[Image-caption web data]
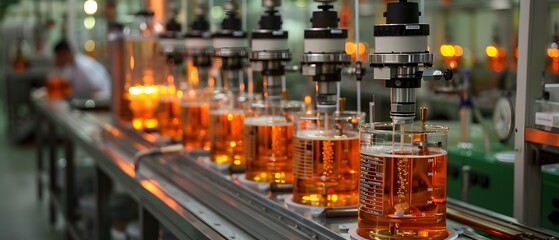Fototapeta premium Advanced Equipment in Drug Manufacturing
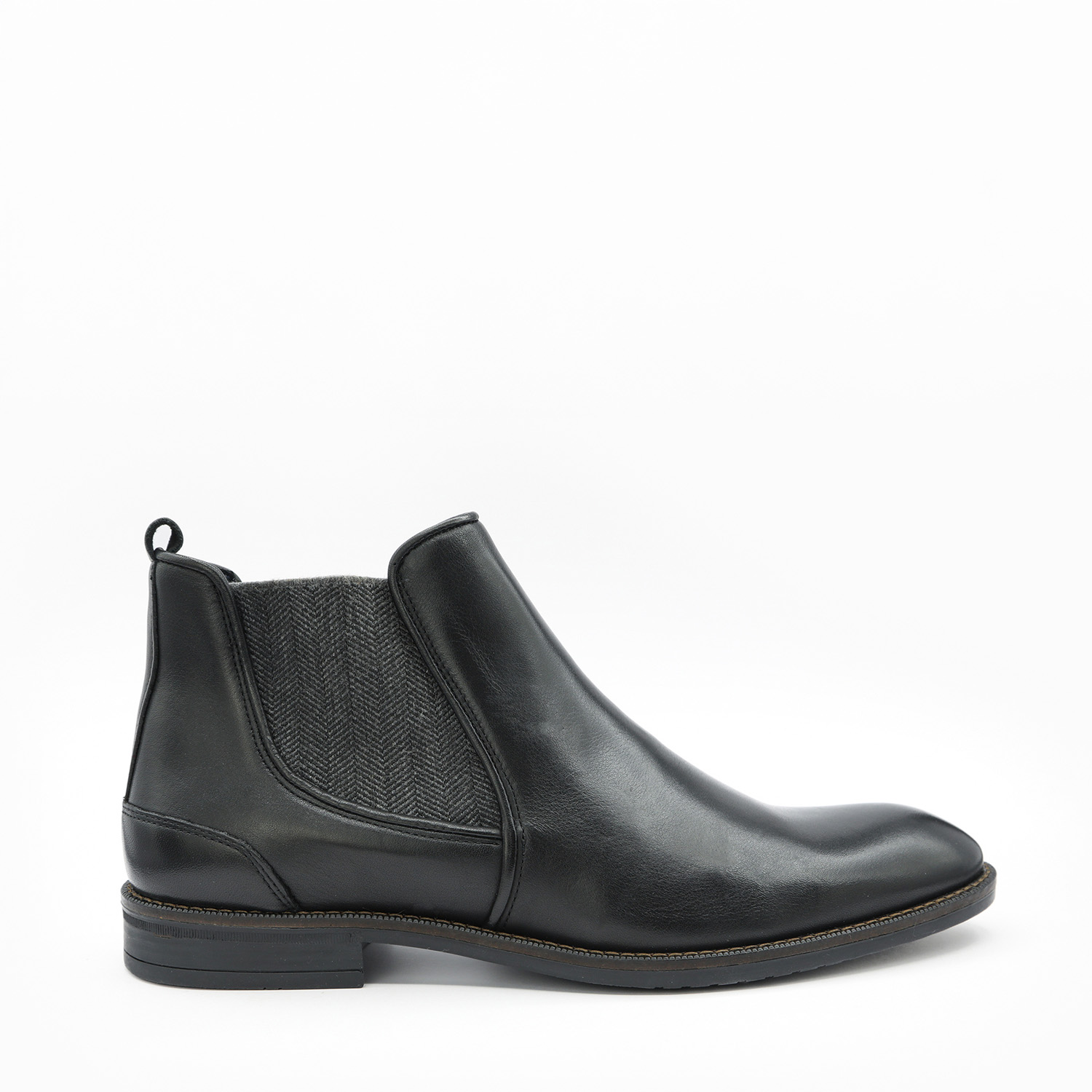 Chelsea boots pour homme EDGER NOIR EDGER, des Chelsea boots pour homme en cuir noir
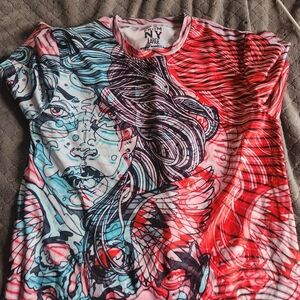Graphic Red and Blue T-Shirt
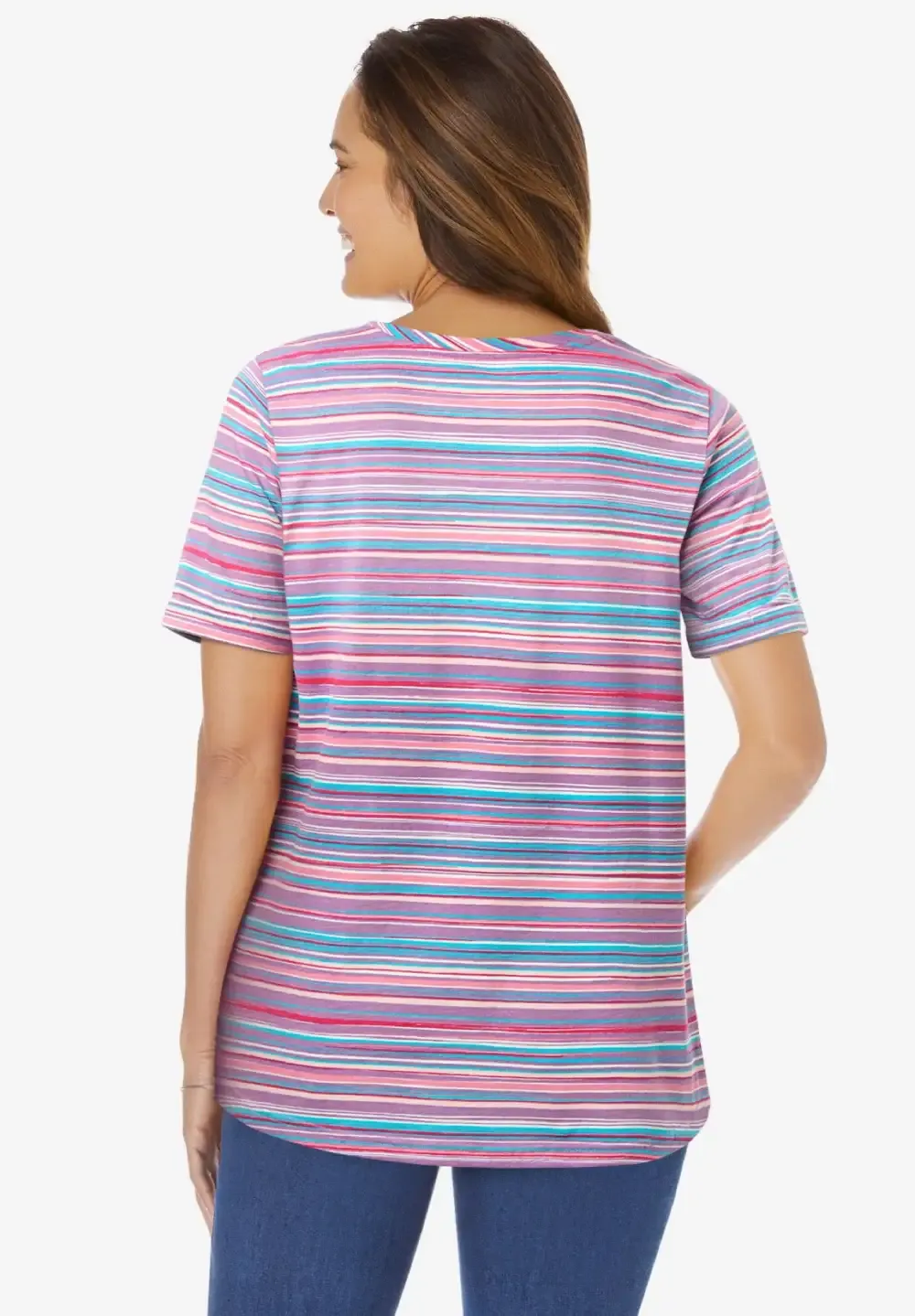 Short-Sleeve Notch-Neck Tee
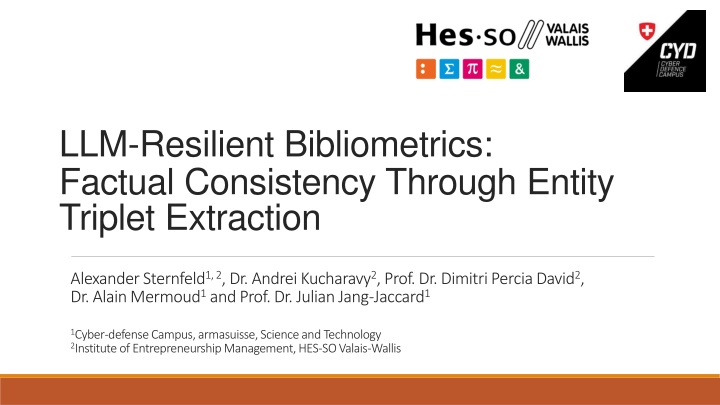 llm resilient bibliometrics factual consistency n.w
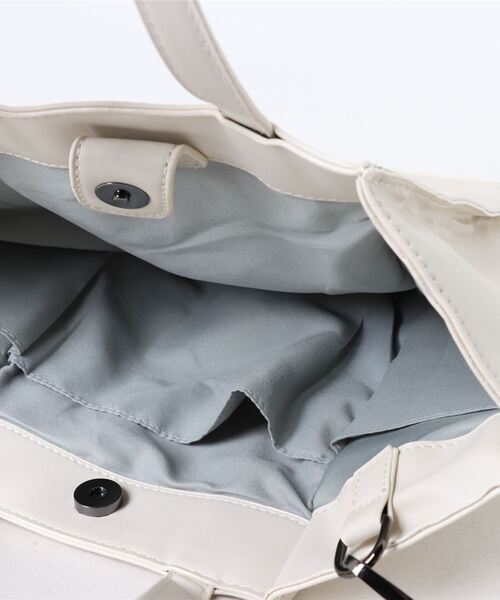 BAYBLO トートバッグ (KS)フェイクレザーボックストート2way メンズ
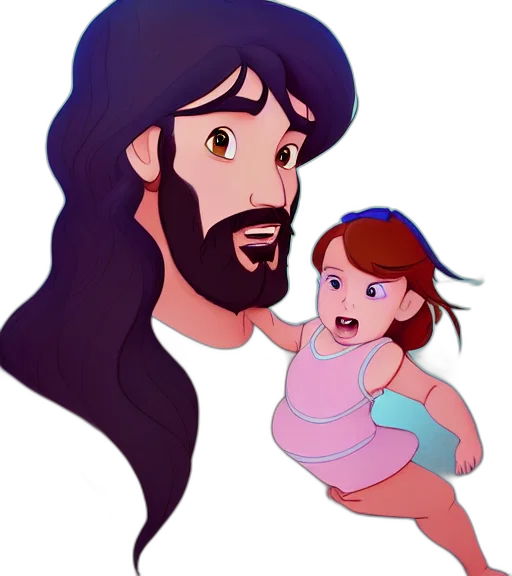 hair, cartoon, concept art, vaporwave transparent PNG cut-out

» Problem statement
Every line above has to be output exactly; the pictures must be dropped.

» Problem solution
Fototapeta premium Advanced Equipment in Drug Manufacturing
 Chelsea boots pour homme EDGER NOIR EDGER, des Chelsea boots pour homme en cuir noir
Graphic Red and Blue T-Shirt
 Short-Sleeve Notch-Neck Tee
 llm resilient bibliometrics factual consistency n.w
 BAYBLO トートバッグ (KS)フェイクレザーボックストート2way メンズ
 hair, cartoon, concept art, vaporwave transparent PNG cut-out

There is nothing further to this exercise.